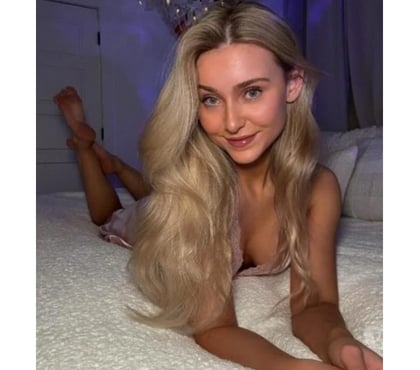 Escorts and Massages Oxford City Centre Oxford - Photos for CATALEYA❤️ NEW GIRLS !! INCALL OUTCAL🥰😈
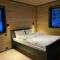 Stryn Mountain Lodge - 史特林 Stryn Mountain Lodge - 史特林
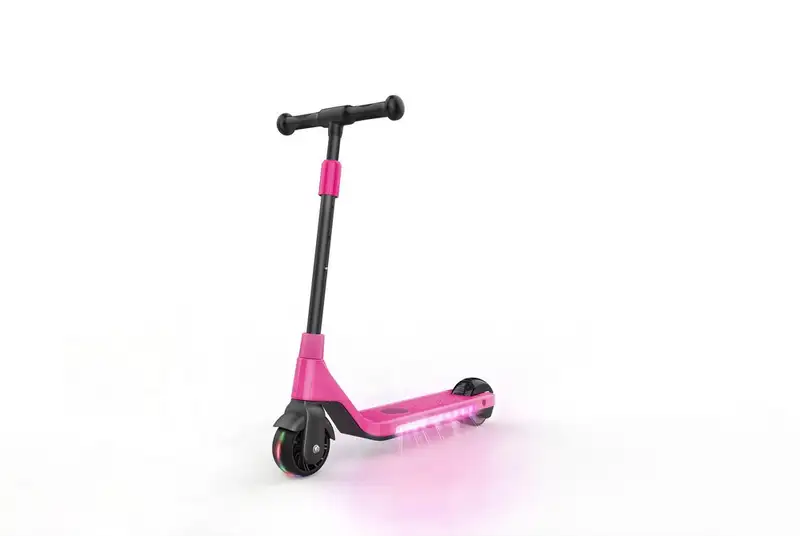 DENVER SCK-5400 PINK
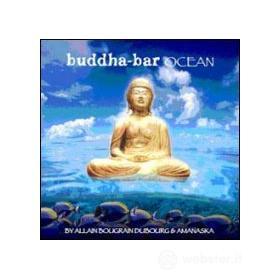 Buddha Bar. Ocean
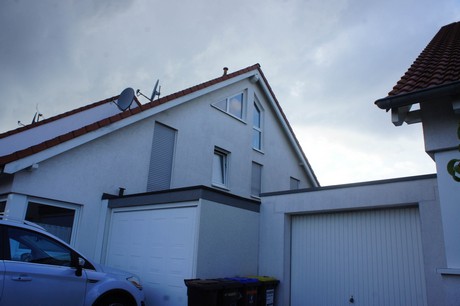 widdersdorf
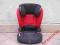 ROMER KIDFIX Isofix 15-36kg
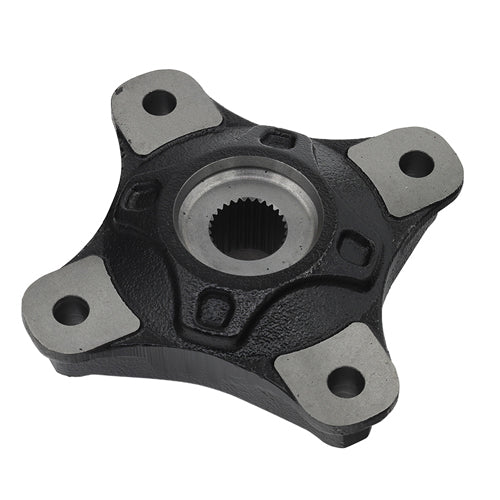Hub - AT-06907 | Bronco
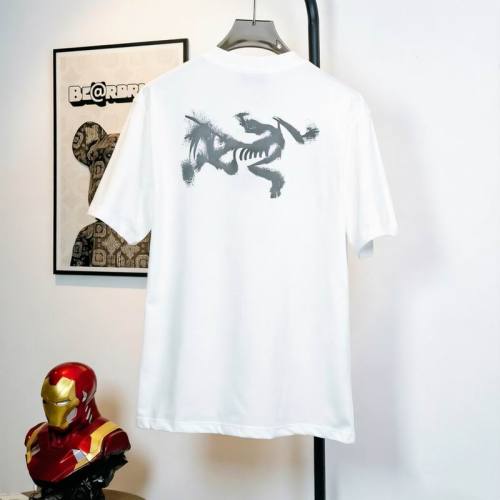Arcteryx t-shirt-1035(S-XL)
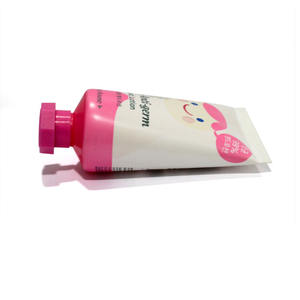 Tubos de plástico vacíos de 30ML, 15ML, 10ML, tapa de anís, tapa roscada para crema de manos, loción, máscara de pestañas, Crema para Ojos, rubor, máscara facial - Product Image 3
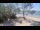 Webcam in Sanguinet, 14.4 km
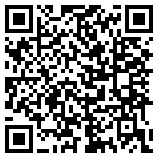 QR Code for Richmond Architecture in Traverse City, MI 49684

..............................

(TO DO) Where the material contains pictures, leave them out and copy the rest verbatim.

(SOLVED PROBLEM)
 Escorts and Massages Oxford City Centre Oxford - Photos for CATALEYA❤️ NEW GIRLS !! INCALL OUTCAL🥰😈
 Stryn Mountain Lodge - 史特林 Stryn Mountain Lodge - 史特林
 DENVER SCK-5400 PINK
 Buddha Bar. Ocean
 widdersdorf
 ROMER KIDFIX Isofix 15-36kg
Hub - AT-06907 | Bronco
Arcteryx t-shirt-1035(S-XL)
 Tubos de plástico vacíos de 30ML, 15ML, 10ML, tapa de anís, tapa roscada para crema de manos, loción, máscara de pestañas, Crema para Ojos, rubor, máscara facial - Product Image 3
 Webcam in Sanguinet, 14.4 km
 QR Code for Richmond Architecture in Traverse City, MI 49684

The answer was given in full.